Bodenkreis: Kein Wasser aus Seen und Weiher 

Für den Bodenseekreis in Baden-Württemberg hat das Landratsamt eine Allgemeinverfügung erlassen. Verboten ist es auch dort, Wasser aus Fließgewässern, Weihern und Seen zu entnehmen. Derzeit noch erlaubt sind Entnahmen aus dem Bodensee und dem Grundwasser. Die Verordnung gilt zunächst bis 29. Juni.

Trinkwasserampel auf Rot

In den 20 Gemeinden, die zum Märkischen Abwasser- und Wasserzweckverband in Brandenburg gehören, zeigt die Ampel derzeit Rot. Es wird dazu aufgerufen, den Trinkwasserverbrauch zu reduzieren. Der Verbrauch drohe die Förderleistung zu überschreiten. "Deshalb bitte keine Gartenbewässerung und keine Pool-Befüllung", heißt es auf der Homepage des Verbandes. Zu den Kommunen zählt auch Kraußnick, wo das Freizeitressort Tropical Islands zu finden ist.

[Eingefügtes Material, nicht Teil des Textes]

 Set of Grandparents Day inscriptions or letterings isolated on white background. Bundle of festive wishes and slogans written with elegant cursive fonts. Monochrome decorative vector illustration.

Blumen gießen was ist erlaubt

10 Tipps fürs Wassersparen

2. Garten nur morgens oder spätabends gießen

Dann verdunstet deutlich weniger Wasser als in der Mittagshitze.

3. Lieber selten, dafür gründlich wässern

Wenige, intensive Wassergaben fördern tiefere Wurzeln und machen Pflanzen widerstandsfähiger gegen Trockenheit.

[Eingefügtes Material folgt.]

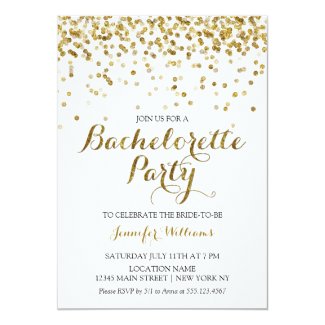 Gold Glitter Confetti Bachelorette Party Invite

4. Regenwasser konsequent nutzen

Gesammeltes Regenwasser eignet sich ideal zum Bewässern von Beeten, Sträuchern und Kübelpflanzen.

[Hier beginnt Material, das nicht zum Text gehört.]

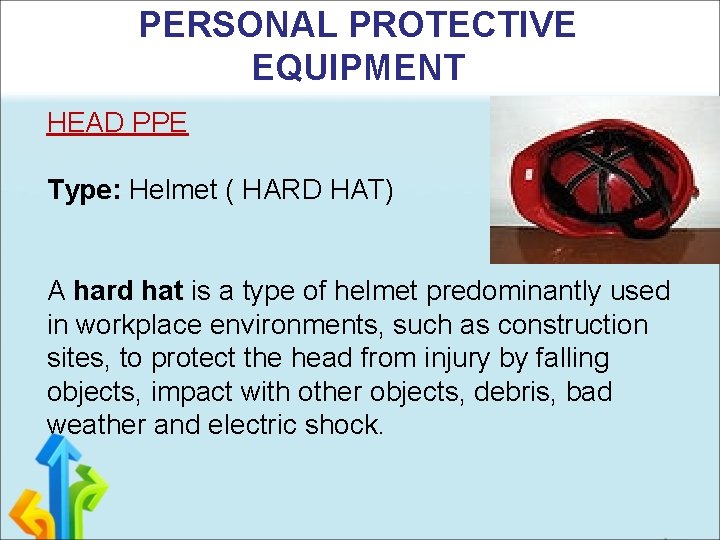 PERSONAL PROTECTIVE EQUIPMENT HEAD PPE Type: Helmet ( HARD HAT) A hard hat is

5. Rasen nicht ständig sprengen

Ein ausgetrockneter Rasen erholt sich nach Regen meist wieder. Vorrang sollten Bäume, Hecken und Gemüsebeete haben.

6. Beete mulchen

Eine Schicht aus Rindenmulch, Rasenschnitt oder Stroh hält die Feuchtigkeit länger im Boden.

7. Auf Hochdruckreiniger und Gartenschlauch verzichten

Terrassen, Einfahrten oder Autos sollten während längerer Hitze möglichst nicht mit Trinkwasser gereinigt werden.

8. Pools nicht unnötig neu befüllen

Abdeckungen verringern die Verdunstung und halten das Wasser länger sauber.

9. Tropfende Wasserhähne sofort reparieren

Auch ein dauerhaft tropfender Wasserhahn verschwendet über Wochen und Monate Trinkwasser.

10. Wasser sparsam im Haushalt verwenden

Kurzes Duschen sowie voll beladene Wasch- und Spülmaschinen entlasten die Wasserversorgung zusätzlich.